According to "Competing Through Business Analytics to Achieve High Performance US Survey Results, December 2008," a survey conducted by Accenture Information Management Services, 70% of business managers are working to improve analytical capabilities. Analytics can provide organizations with the answers to "Why is this happening?" and "What will happen next?"
The popularity of dashboards and scorecards illustrates the need to quickly assimilate information and the urgency to act.
Analytics in action
An analytical competitor can ultimately increase its advantage by using data to take charge of the marketplace. Many organizations have improved revenue and operations by leveraging analytics in support of functional areas like supply chain, financial reporting, and sales and marketing processes. For example, the personalization of data is being used to expand targeted marketing campaigns, which reap rewards for many companies. Additionally, supermarkets are tracking consumer habits on a weekly, biweekly or monthly basis to determine buying trends. They are then mailing coupons and advertising specifically for an individual's product preferences.
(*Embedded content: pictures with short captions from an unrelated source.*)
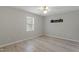 Bright bedroom with light gray walls, wood-look flooring, and a ceiling fan at 2612 Wade Hampton Rd, Hillsborough, NC 27278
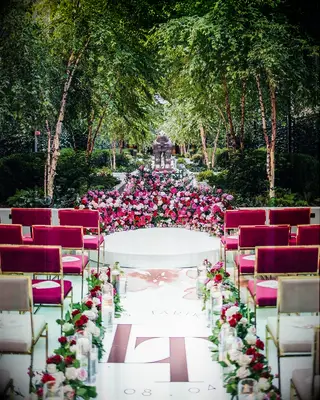 Floral aisle runner with cusom initals and dates. 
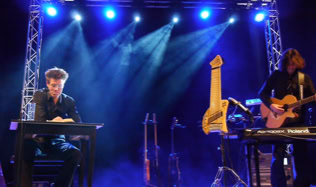 Ein Sprecher und ein Musiker auf einer Bühne mit blauer Beleuchtung, der Musiker spielt Keyboard und Gitarre.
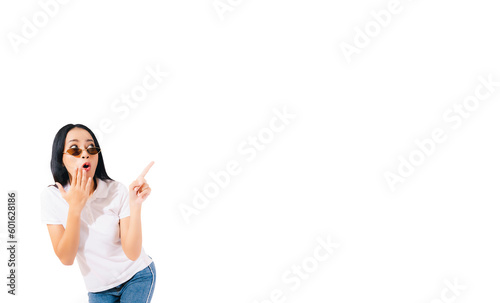 Excited screaming young woman standing isolated over white background Looking at blank space Surprised young lady shouting points at upper right corner Shocked excited young lady pointing aside space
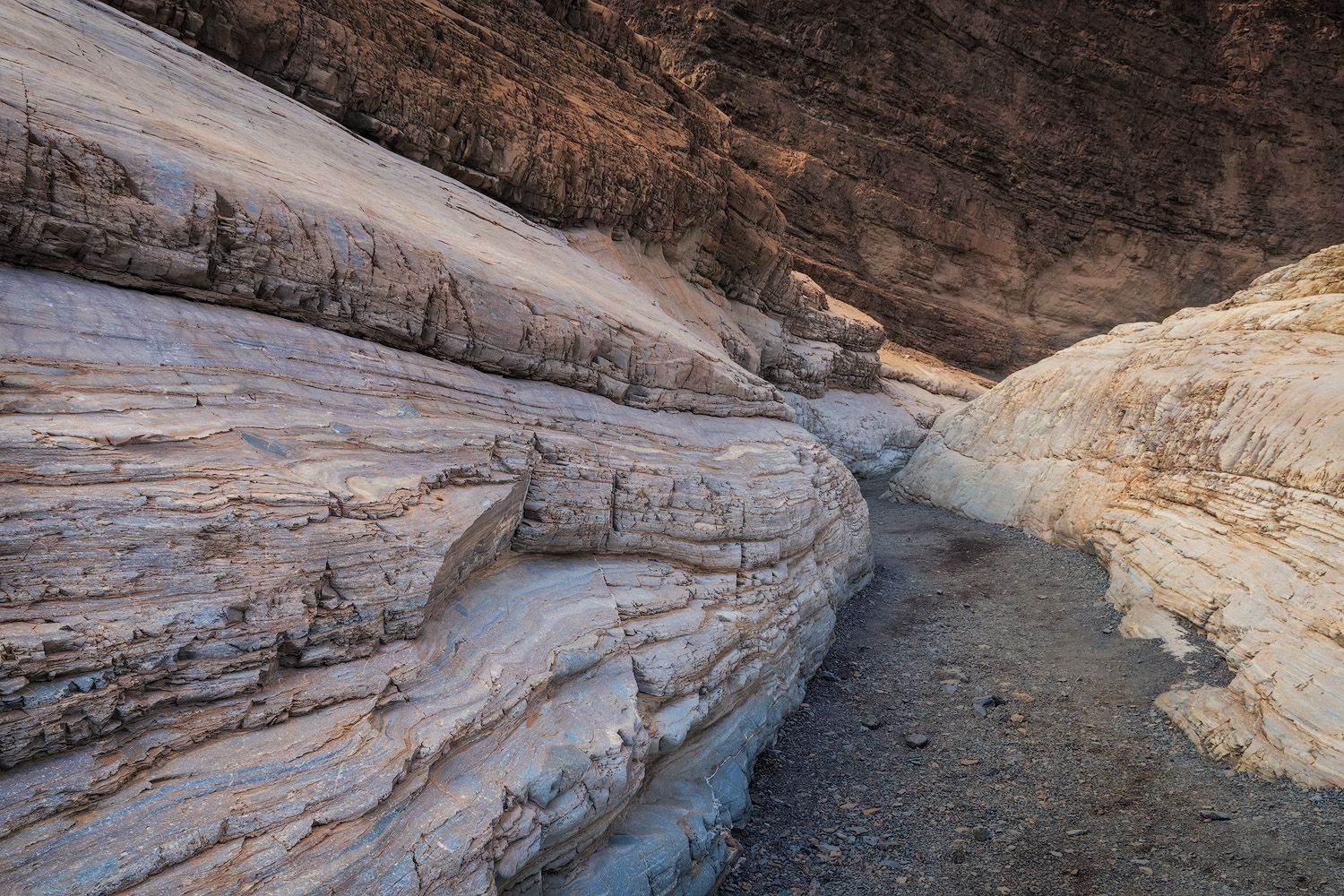 Layered white rock formations in a narrow desert canyon with sandy floor and warm golden tones.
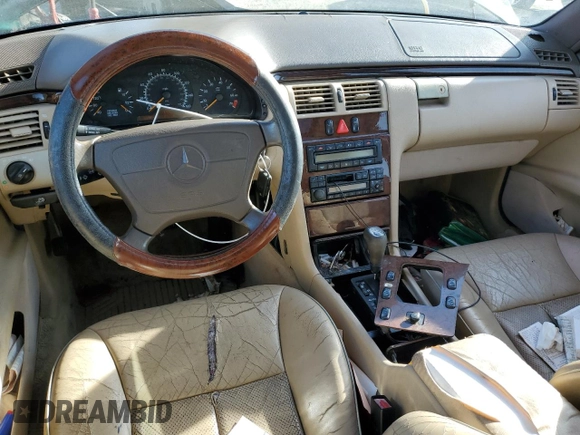 1997 Mercedes-Benz E-Class with VIN WDBJF55F5VJ028552, listed as a Copart auction lot 84172054 with 308,426 mi miles and Clean Title. Bid and sale history available at carsss.com. Image 8.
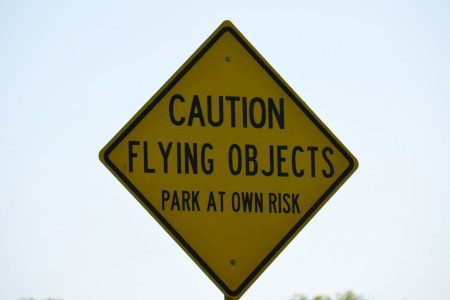 "Caution Flying Objects" sign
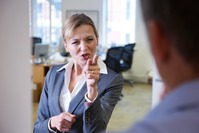 worker behaving aggressively towards co-worker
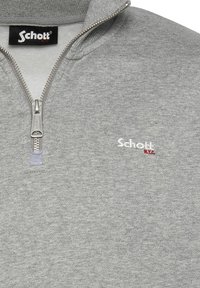 Sudadera con cremallera en tono gris, confeccionada en tejido suave, que presenta un alto cuello, cremallera plateada y un pequeño logo blanco y rojo de Schott en el pecho.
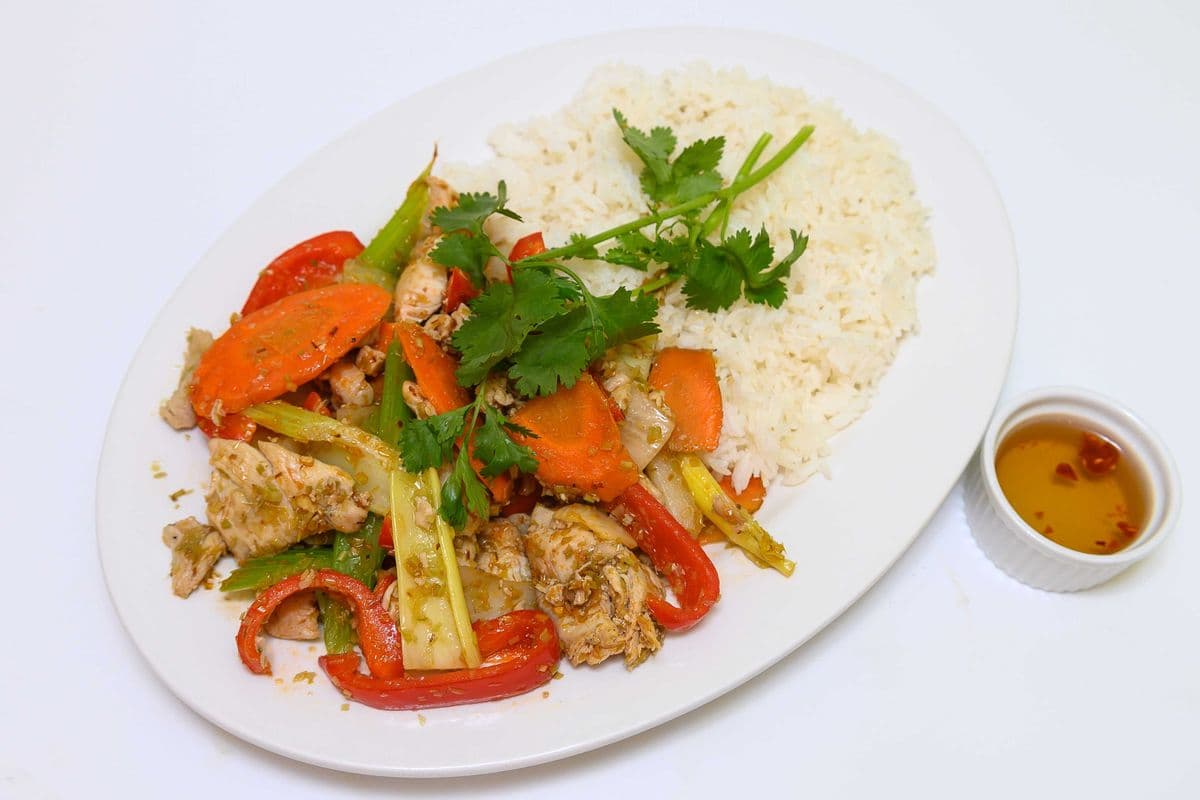 75. Spicy Stir-Fried Lemongrass Chicken and Vegetables on Steamed Rice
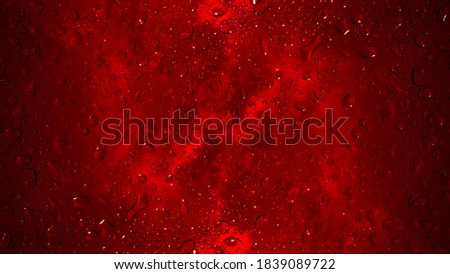 rain droplets falling on the glass, a rainy day in autumn, red background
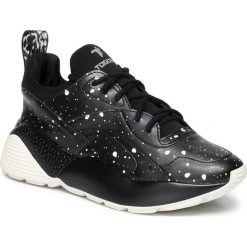 Sneakersy TOGOSHI - TG-16-03-000136 601. Czarne półbuty damskie Togoshi, na co dzień, bez wzorów, ze skóry ekologicznej, bez obcasa, na płaskiej podeszwie, bez zapięcia. W wyprzedaży za 279,00 zł.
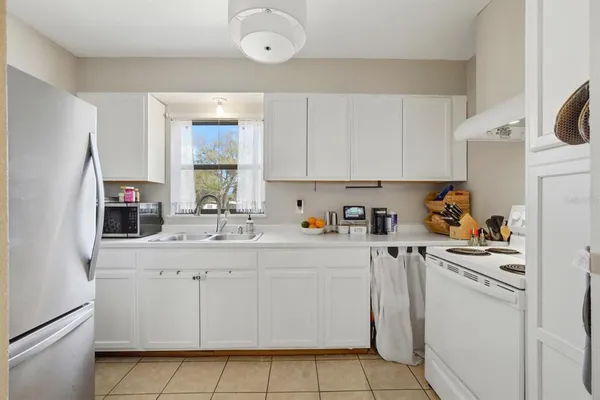 a kitchen with stainless steel appliances granite countertop white refrigerator stove and white cabinets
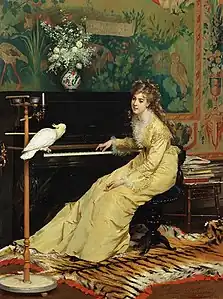 Femme au piano avec un cacatoès.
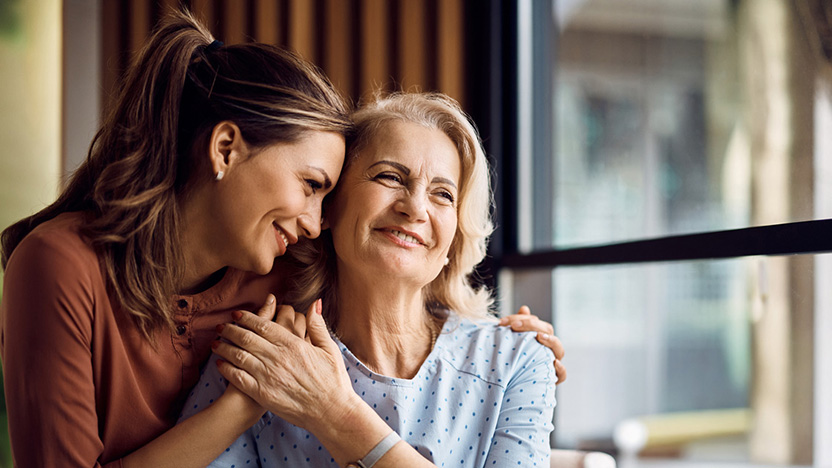 Two women sit closely together, smiling and embracing near a window. Their warmth and affection highlight the importance of family involvement in senior care within a well-lit, cozy setting.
Customer relationship management is just one aspect. Data is opening up worlds of innovation. A vineyard in Sonoma Valley, Calif., uses remote sensors to gather data about humidity, wind, water, soil and air temperature in near real time, allowing it to make calculated decisions on the spot and avoid potentially devastating events. The oil and gas industry is pushing for better analytics to leverage data on wells. An upstream energy company cannot see, feel or manage oil in the ground. However, by analyzing geospatial data as far back as 100 years, it can employ analytics to help locate and manage oil reserves, understand the management of that repository and its associated assets over the years, and determine the best way to exploit it for even more gains.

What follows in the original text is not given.